In Business News this week: foreign investment in the Czech Republic rises to pre-crisis levels; the country’s grey economy amounts to 565 billion crowns; the Transport Ministry plans to raise road toll by 25 pct next year; decrease of new cars’ prices in the Czech Republic are among fastest in Europe; debts of Czech household keep rising and are more difficult to collect; and the famed Czech distiller Rudolf Jelínek is moving its headquarters to Holland.

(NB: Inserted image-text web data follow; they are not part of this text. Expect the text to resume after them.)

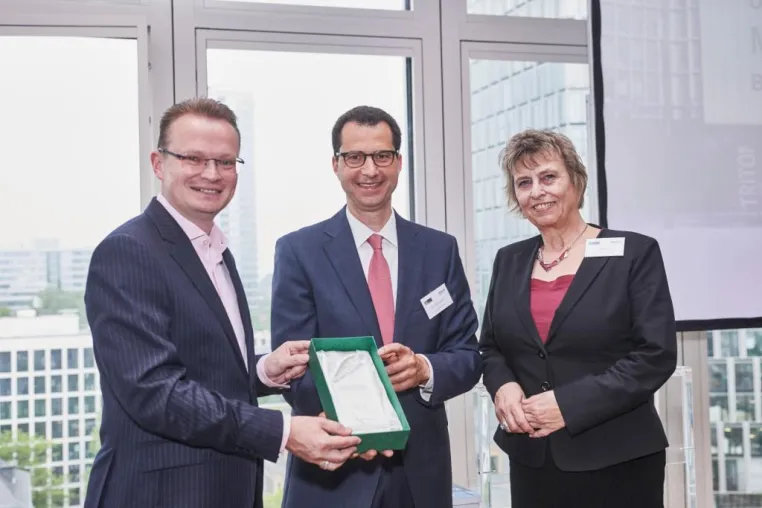 Bild: Ausgezeichnete Mitarbeiterbeteiligung: WALA Heilmittel GmbH erhält Partnerschaftspreis 2019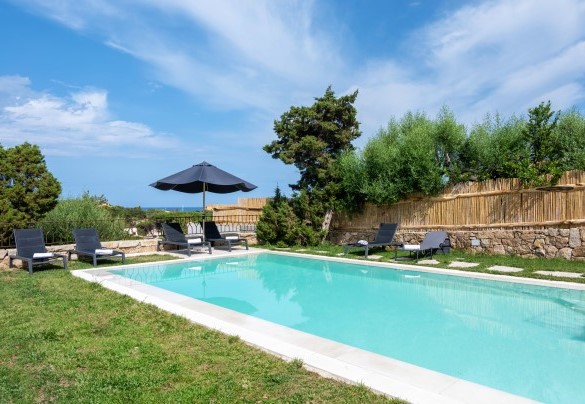 The swimming pool at the middle of the garden – Villa La Maddalena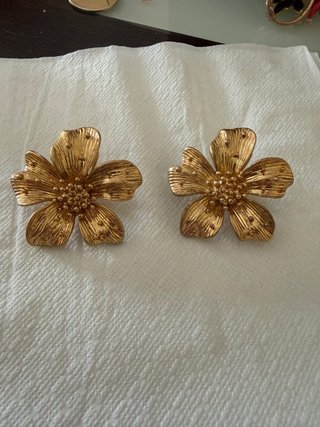 Pendientes dorados flor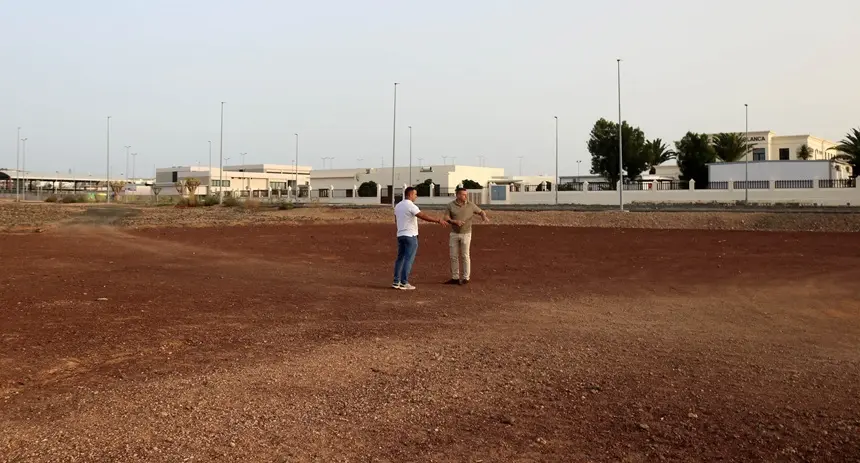 El alcalde y el concejal de Obras Públicas en la parcela en la que se construirá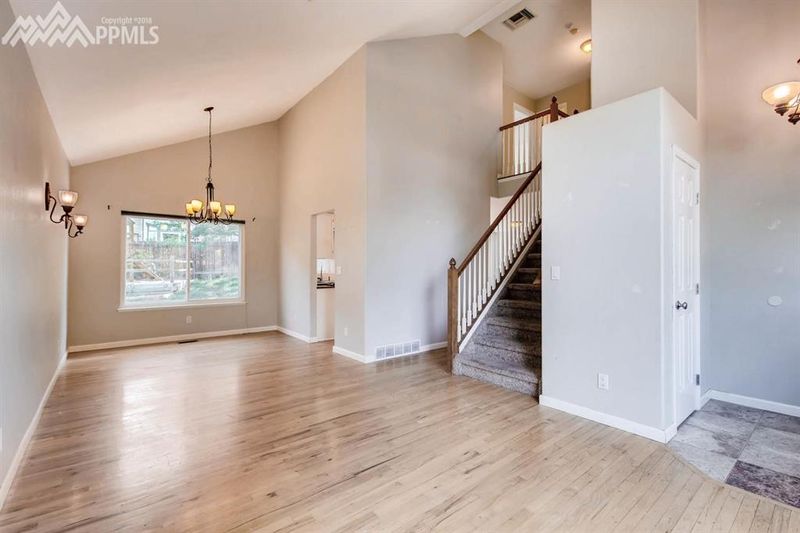 6055 Northwind Dr, Colorado Springs, CO 80918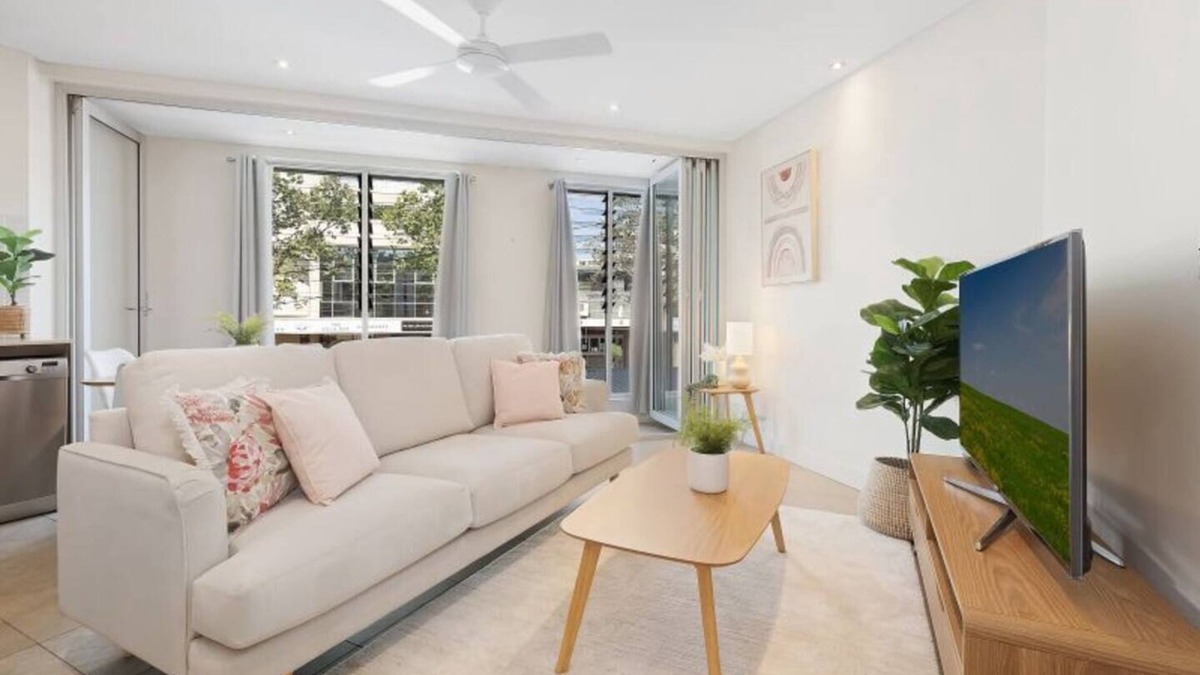 Seaforth Apartment | Seaforth Living - In The Heart Of the Village with Shops at Your Doorstep!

Foreign investment in Czech Republic rises to pre-crisis levels

Photo: Štěpánka Budková
The volume of direct foreign investment in the Czech Republic amounted last year to around 113 billion crowns, or more than 6.67 billion dollars, which was 56 percent more than the year before, according to a report by the United Nations Conference on Trade and Development released on Friday. Meanwhile, Czech firms invested some 28.4 billion crowns abroad in 2010, according to the Czechinvest agency. Among the four Visegrad nations, the Czech Republic was only surpassed by Poland. Czech Industry and Trade Minister Martin Kocourek said the volume of foreign investment returned to pre-crisis levels. However, the UN agency warned that future investment in the country might be threatened by inflation and fiscal imbalance.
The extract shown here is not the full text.